Actually I like the more formal approach of explaining the Euler-Lagrange Equation in the book Emmy Noether's Wonderful Theorem, but motivated by Zee, I try to use it here for the first time for a very simple and obvious problem. $\newcommand{\R}{\mathbb{R}}$

So the task is now to prove by means of the Euler-Lagrange Equation that the shortest distance between two points in a Euclidian space is a straight line.

Solution

Background

Zee writes the Euler-Langrange Equation in the form \begin{equation} \frac{d}{dx} \left( \frac{\delta \mathcal{E}}{\delta\frac{d\phi_j}{dx}} \right) - \frac{\delta\mathcal{E}}{\delta\phi_j} = 0\, . \end{equation} But I rather prefer the formulation in Neuenschwander's book. Given an n dimensional function of one variable, $\vec{x}:\R\to\R^n$, with the components written as $x^\mu:\R\to\R$ ($\mu=1\dots n$) and the so called Lagrangian $L:\R^{2n+1}\to\R$, the functional $J:(\R\to\R^n)\to\R$, mapping the $n$ dimensional function $\vec{x}$ to a number, is defined as \begin{equation} J(\vec{x}) = \int_a^b L(t,x^\mu(t),\dot x^\mu(t)) \,dt\,, \end{equation} where $L(t,x^\mu(t),\dot x^\mu(t))$ is short for $L(t,x^1(t),\dots,x^n(t),\dot x^1(t),\dots,\dot x^n(t))$. The theory of the Euler-Lagrange Equations, I think it is also called the action principle, now says that the function $\vec{x}$ for which $J$ becomes extremal (minimal or maximal) satifies the Euler-Lagrange Equation(s) \begin{equation}\label{eqEL} \frac{\delta L}{\delta x^\mu} = \frac{d}{dt}\frac{\delta L}{\delta \dot x^\mu} \qquad \mu=1\dots n\,. \end{equation} It took me some time to understand the meaning of expressions like $\delta L / \delta x^\mu$ in cases where $x^\mu$ is not a variable. But this is really just the derivative of $L$ with regard to its respective argument. In particular it means that the chain rule needs not be invoked. As an example consider $L(a,b,c):= 3a + 4b +5c$ and let $\vec{x}(t):=t^2$ be a 1-dimensional function. This would give $L(t,x^\mu(t),\dot x^\mu(t)) = 3t + 4x^\mu(t) + 5\dot x^\mu(t) = 3t+4t^2$ for $\mu=1$. And the seemingly difficult differentiation is just so: \begin{align} \frac{\delta L}{\delta x^\mu} \notag &= \frac{\delta L}{\delta b}\Bigr|_{b=x^\mu} \notag\\ &= 4b\Bigr|_{b=x^\mu} \notag\\ &= 4 t^2 \notag \end{align} Note in particular, that $4t^2$ is not further differentiated according to the chain rule.

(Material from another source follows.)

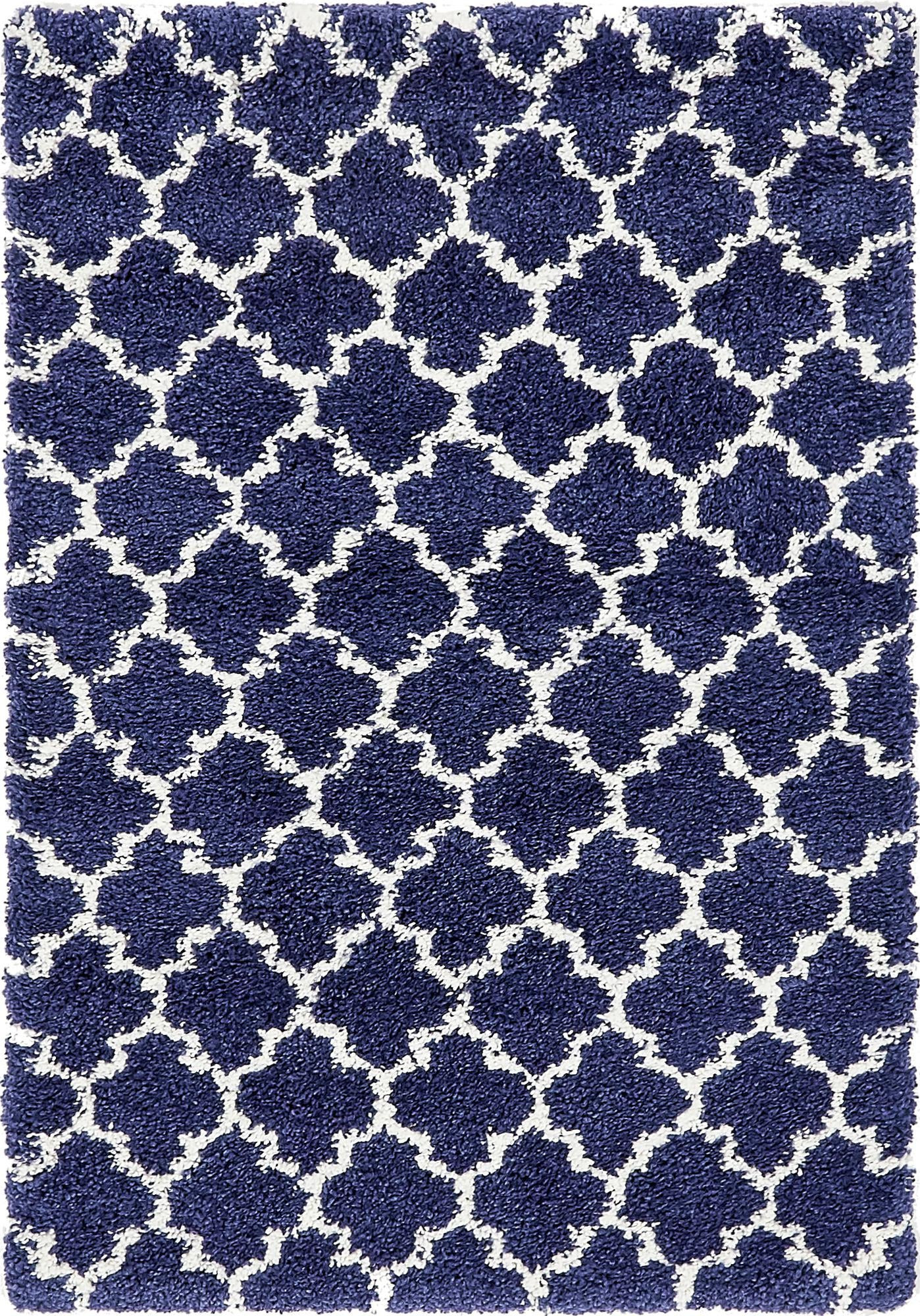 4' x 6' Jameson · Lattice Shag Rug, navy and ivory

The relation between Zee and Neuenschwander is the following: \begin{align} \mathcal{E} & \to L\\ \phi_j & \to x^\mu\\ x & \to t\\ \end{align}

Application

Now that we have the tools ready, we can actually start to solve the exercise. Let $\vec{x}(t) = (x^\mu(t))|_{\mu=1}^n$ define an arbitrary curve in the $n$-dimensional Euclidian space. From what I learned in calculus, the length of the curve between two points $\vec{x}(a)$ and $\vec{x}(b)$ is given by integration of the absolute value of the first derivative \begin{equation}\label{eqJ} \text{length} = \int_a^b |\dot{\vec{x}}(t)|\, dt =: J(\vec{x}) \,, \end{equation} independent of the specific parameterization. Just consider $t$ as time and $\vec{x}$ as the path of a point over time. Then $|\dot{\vec{x}}(t)|$ is the speed of the point and integrating the speed over time indeed results in the distance travelled.

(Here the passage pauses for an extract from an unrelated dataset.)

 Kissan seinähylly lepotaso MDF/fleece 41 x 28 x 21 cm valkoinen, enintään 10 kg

Evidently the Lagrangian is $L(t,x^\mu,\dot x^\mu) = |\dot{\vec{x}}(t)| =\sqrt{\sum_\mu (\dot x^\mu)^2}$. We want to solve equation \ref{eqEL} for $L$. Since $L$ does not directly depend on $\vec{x}$, but only on $\dot{\vec{x}}$, the left hand side of \ref{eqEL} is equal to zero. For the right hand side, we differentiate with regard to $\dot{\vec{x}}$. Differentiating an absolute value is a bit cumbersome if done the first time, but actually the absolute value moves to the denominator and the chain rule terms go into the numerator: \begin{equation} \frac{\delta L}{\delta \dot x^\mu} = \frac{2 \dot x^\mu}{2 \sqrt{\sum_\nu (\dot x^\nu)^2}} = \frac{\dot x^\mu}{L} \,. \end{equation} The result needs to be differentiated by $t$ to provide the right hand side of \ref{eqEL}. We saw already that the left hand side is zero, so we get: \begin{equation} 0 = \frac{d}{dt}\frac{\dot x^\mu}{L}\;\;\;\forall \mu=1,\dots,n \end{equation} At this point, Zee says on p. 125 that "these are easy enough to solve by inspection" and that $\dot x^\mu$ is constant.

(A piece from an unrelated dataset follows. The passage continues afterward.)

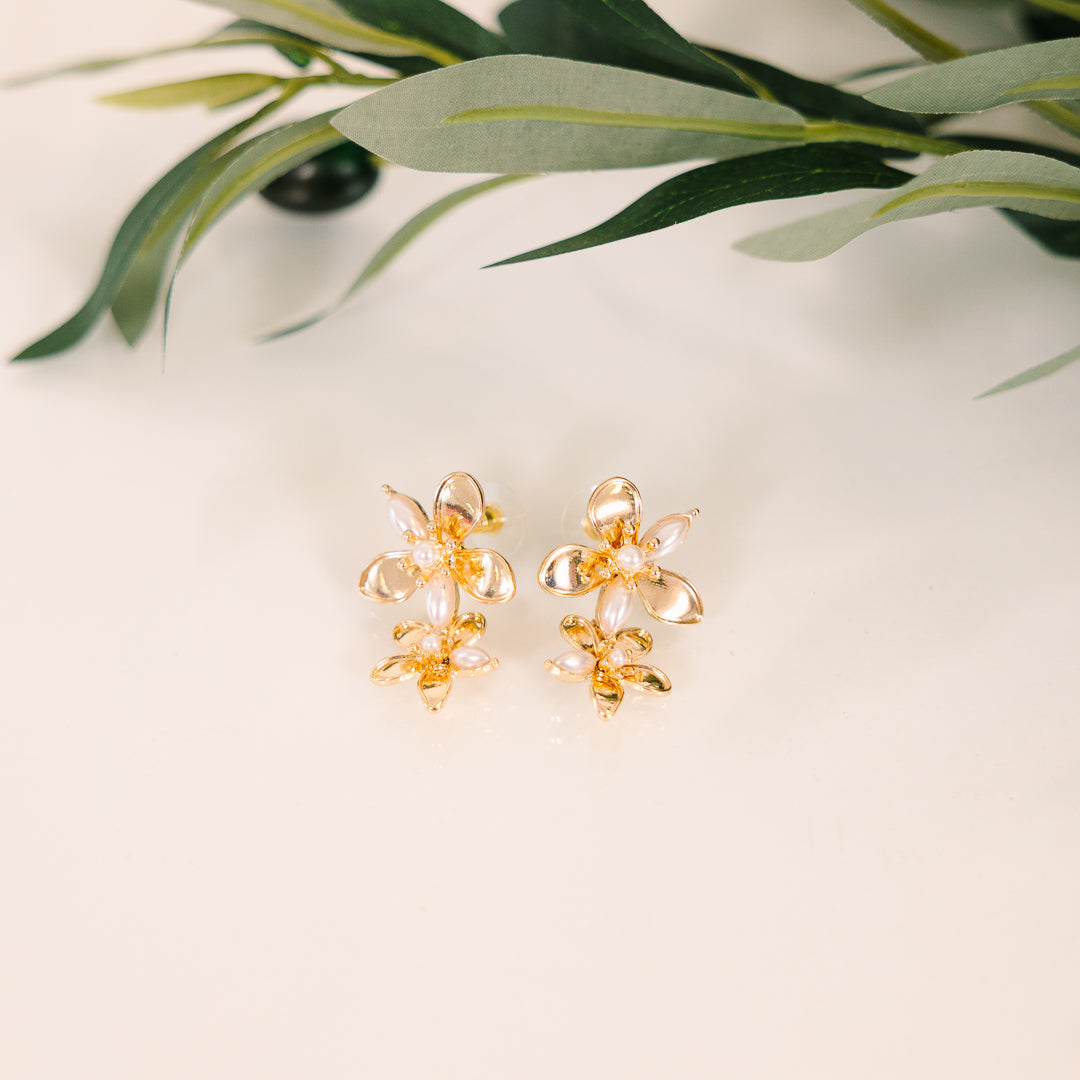 Blushing Meadow Earrings, Gold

I must admit, I don't see how to solve it with this result. All I can derive is that $\dot x^\mu / L$ is constant. Further it is not even a necessary condition, that $\dot x^\mu$ is constant for the line to be straight. With $x^\mu(t)=t^2$ ($t>=0,\,\mu=1\dots n$), the line is perfectly straight for any $n$, while $\dot x^\mu(t)=2t$ is not constant.

Showdown

Rather I continue by actually computing the derivative with regard to $t$. Since both, numerator and denominator depend on $t$, we can apply the standard rule for differentiating a fraction: \begin{align} \frac{d}{dt} \frac{\dot x^\mu}{L} &= \frac{\ddot x^\mu L - \dot x^\mu \dot L}{L^2}\,. \end{align} By inserting into \ref{eqEL} we get: \begin{align} 0 &= \ddot x^\mu L - \dot x^\mu \dot L\\ &= \ddot x^\mu - \dot x^\mu\frac{\dot L}{L} \,. \end{align} Each component $\ddot x^\mu$ of the acceleration is a multiple of the respective component $\dot x^\mu$ of the velocity, where the factor $\dot L/L$ is the same for all $\mu$. This means that the acceleration $\ddot{\vec{x}}$ is always parallel, or rather, in the exact same direction as the velocity $\dot{\vec{x}}$. This again means, that a point following the "curve" $\vec{x}$ can never actually curve, but always goes straight. If it would curve, the accelleration would have to act other than in the very same direction where the point is already moving.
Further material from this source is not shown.